Posso afirmar que um desafio é equilibrar vida pessoal e profissional. E isso é mais difícil quando realmente gostamos do que fazemos. Até meados de 2020, a experiência de ser mãe, esposa, doutoranda e professora me mostrou que conciliar tudo tem um custo alto no futuro, pois vivemos de maneira irrefletida, “no modo automático”. Embora consigamos encaixar tudo na agenda, momentos importantes da vida social e familiar se perdem e às vezes não conseguimos recuperá-los.
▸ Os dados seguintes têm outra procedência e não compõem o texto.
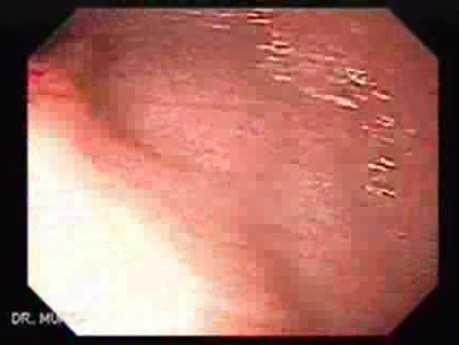 Colonic Interposition for Esophageal Substitution (8 of 11)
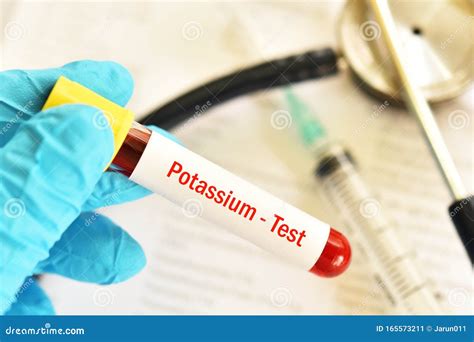 Blood Sample for Potassium Test Stock Image - Image of checkup, renal ...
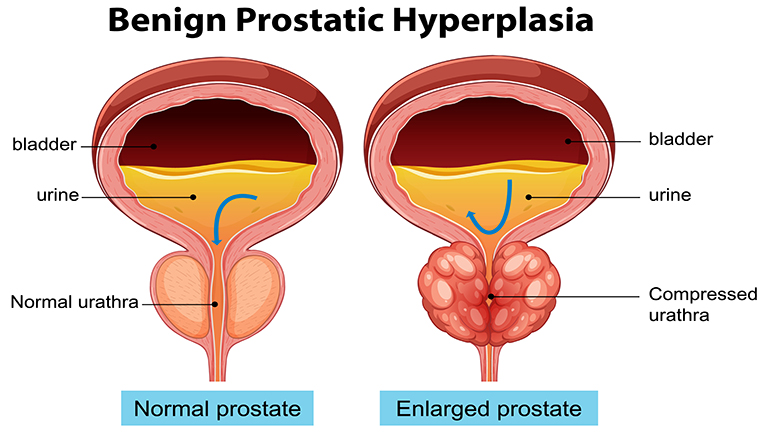 Benign prostatic hyperplasia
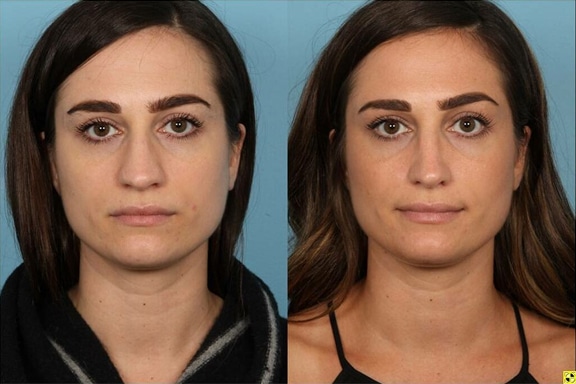 Rhinoplasty gall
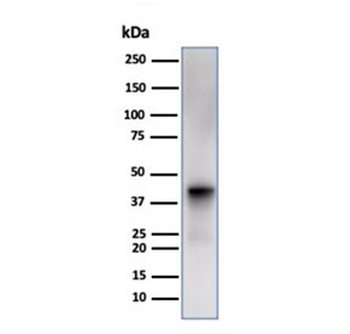 Glutamine Synthetase Antibody / GLUL
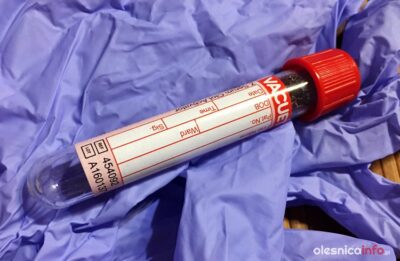 Jedenaście przypadków koronawirusa w powiecie oleśnickim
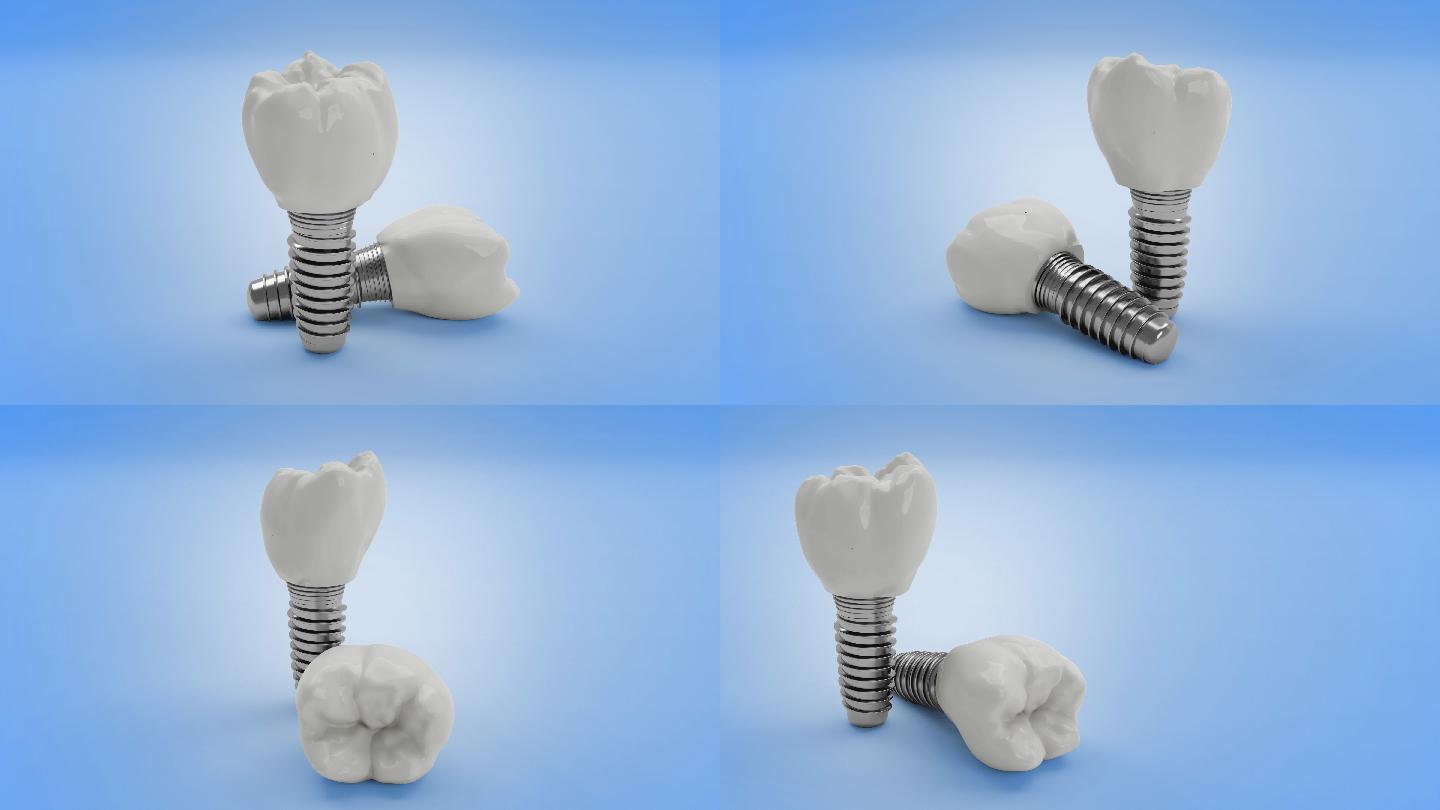 牙科植入物3D特效视频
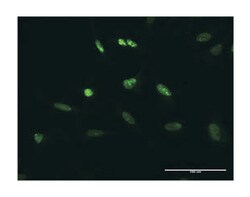 transcription elongation factor B (SIII), polypeptide 3 (110kDa, elongin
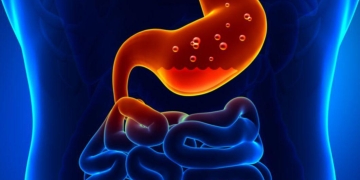 Medic timișorean: „Bolile gastrointestinale se numără printre cele mai frecvente afecțiuni de care ne lovim”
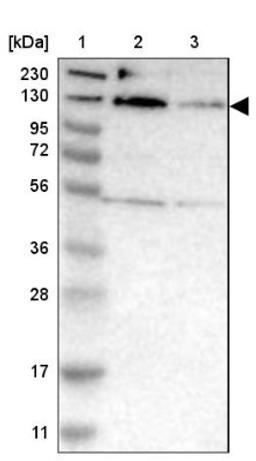 Western Blot: MORC3 Antibody [NBP1-83036] - Lane 1: Marker [kDa] 230, 130, 95, 72, 56, 36, 28, 17, 11<br/>Lane 2: Human cell line RT-4<br/>Lane 3: Human cell line U-251MG sp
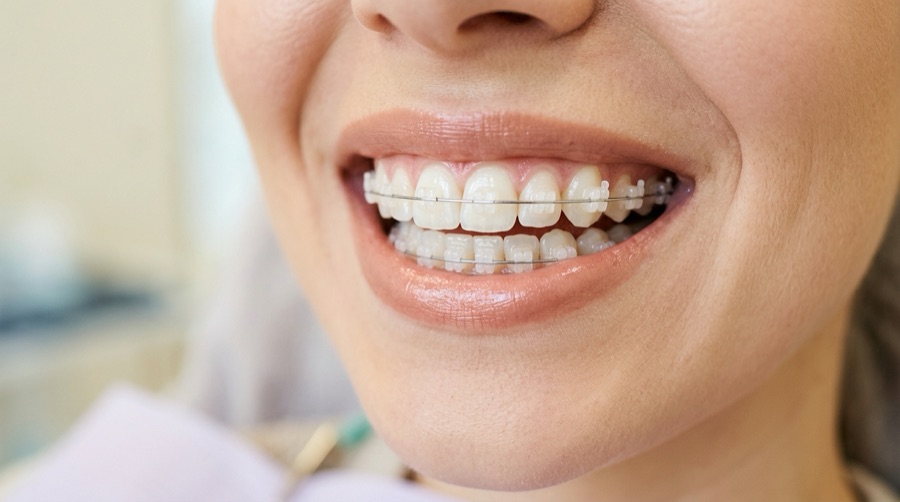 Clear Ceramic Braces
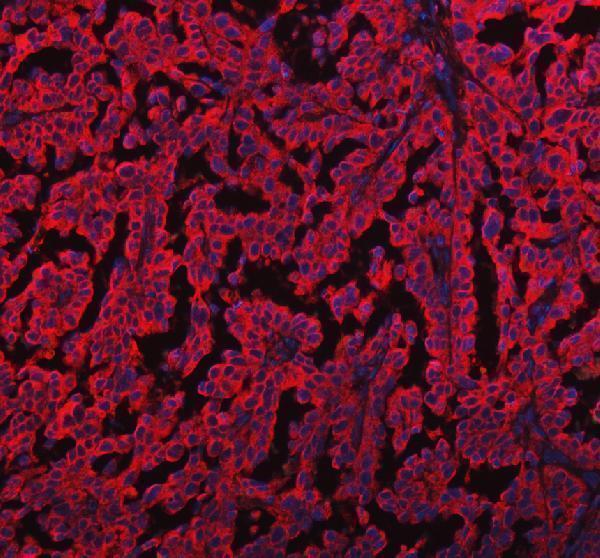 a00930 1 eml4 primary antibodies if testing 2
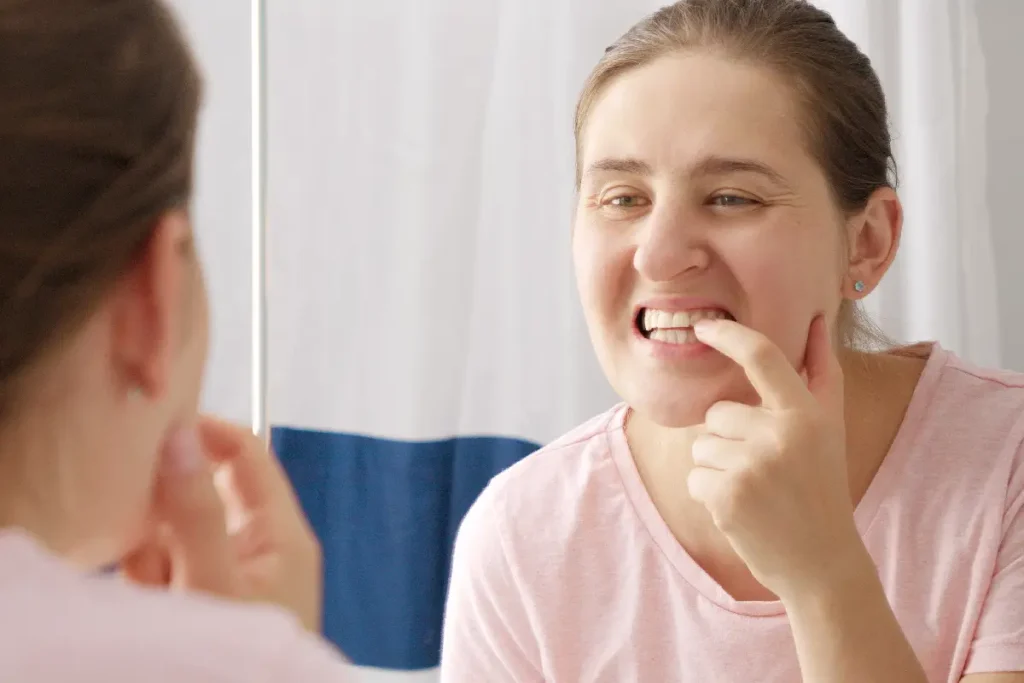 White spots on teeth before porcelain veneer treatment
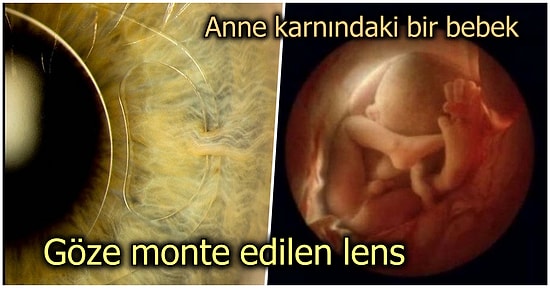 Bilim Meraklılarını Hayretler İçinde Bırakacak Muhtemelen Daha Önce Hiç Görmediğiniz 21 Görsel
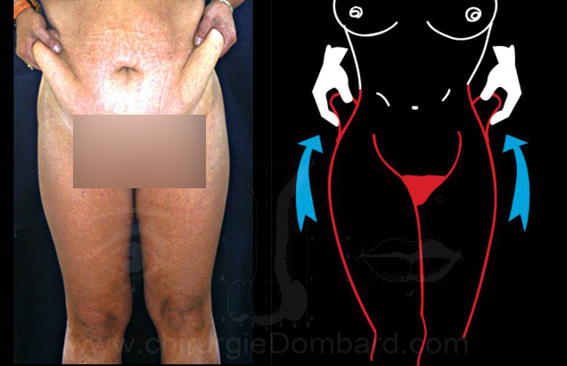 Flancoplastie - DR Dombard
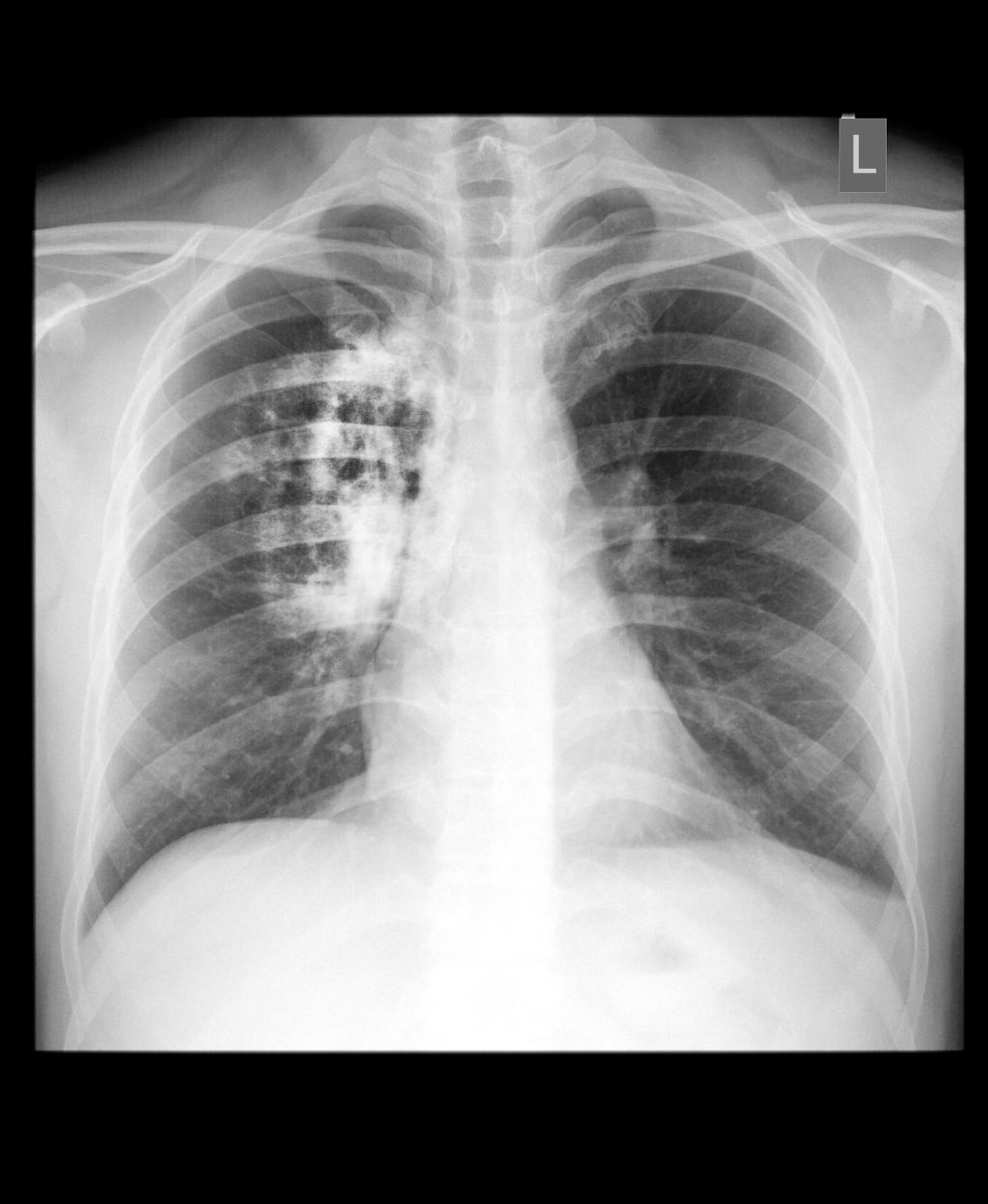 Cancer de pulmon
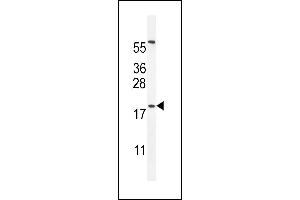 DA5 Antibody (N-term) (ABIN655277 and ABIN2844869) western blot analysis in HL-60 cell line lysates (35 μg/lane). (DPPA5 anticorps  (N-Term))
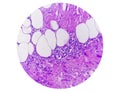 Photomicrograph of granulomatous tissue histology Royalty Free Stock Photo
Quem cultiva a virtude da ordem saberá responder com confiança às exigências da vida, com base na sua verdade, sabendo dizer “não” quando necessário for.
Humildade
Outro precioso conselho de Nubiola é libertar-se das opiniões dos outros. Parece simples, mas é preciso maturidade para alcançar essa independência, e confesso que ainda tenho muito que aprender. Aqui me refiro a focar mais no que os outros vão pensar ao tomar decisões, em vez de nas suas próprias opiniões e valores. Uma raiz mais profunda disso pode ser um certo egoísmo por querer sempre ser aceito, ou insegurança ao querer receber a concordância dos outros, correndo o risco de ir contra as próprias convicções e perder a verdade sobre si mesmo. No final o que necessitamos é de humildade e autoconhecimento. Ademais, aceitar que somos falíveis, que as nossas ideias nem sempre serão aceitas, e que nem sempre temos razão. A vida intelectual se faz em conjunto, como comenta Nubiola e, felizmente, cada dia isso se torna mais evidente e me ajuda a crescer.
Unidade da vida
Um último e não menos importante ponto: “ao dar o seu conhecimento você ensina a viver porque você entrega a verdade da sua vida”. Nesta frase Nubiola sintetiza muito do que está em seu livro. A partir disso entendo que o conhecimento mais verdadeiro e autêntico de alguém é aquele que consolida a unidade da sua vida, ou seja, é aquele que reflete o que alguém é, pensa e vive, mais do que apenas o que sabe. Quando a verdade da sua vida coincide com a vida que você quer viver e com o que você pensa, então a partir daí podemos entregar o conhecimento verdadeiro e coerente com o nosso ser. Não é um tipo de conhecimento acadêmico ou segmentado. É um conhecimento amoroso e que pode ser oferecido generosamente aos outros. Enquanto não encontramos essa unidade, que possamos seguir crescendo no ritmo certo, de forma ordenada e benéfica para aqueles que partilham de nosso caminho.
Referências
Nubiola, J. (2006). El taller de la filosofia: una introducción a la escritura filosófica. (5a. ed.). Pamplona: EUNSA.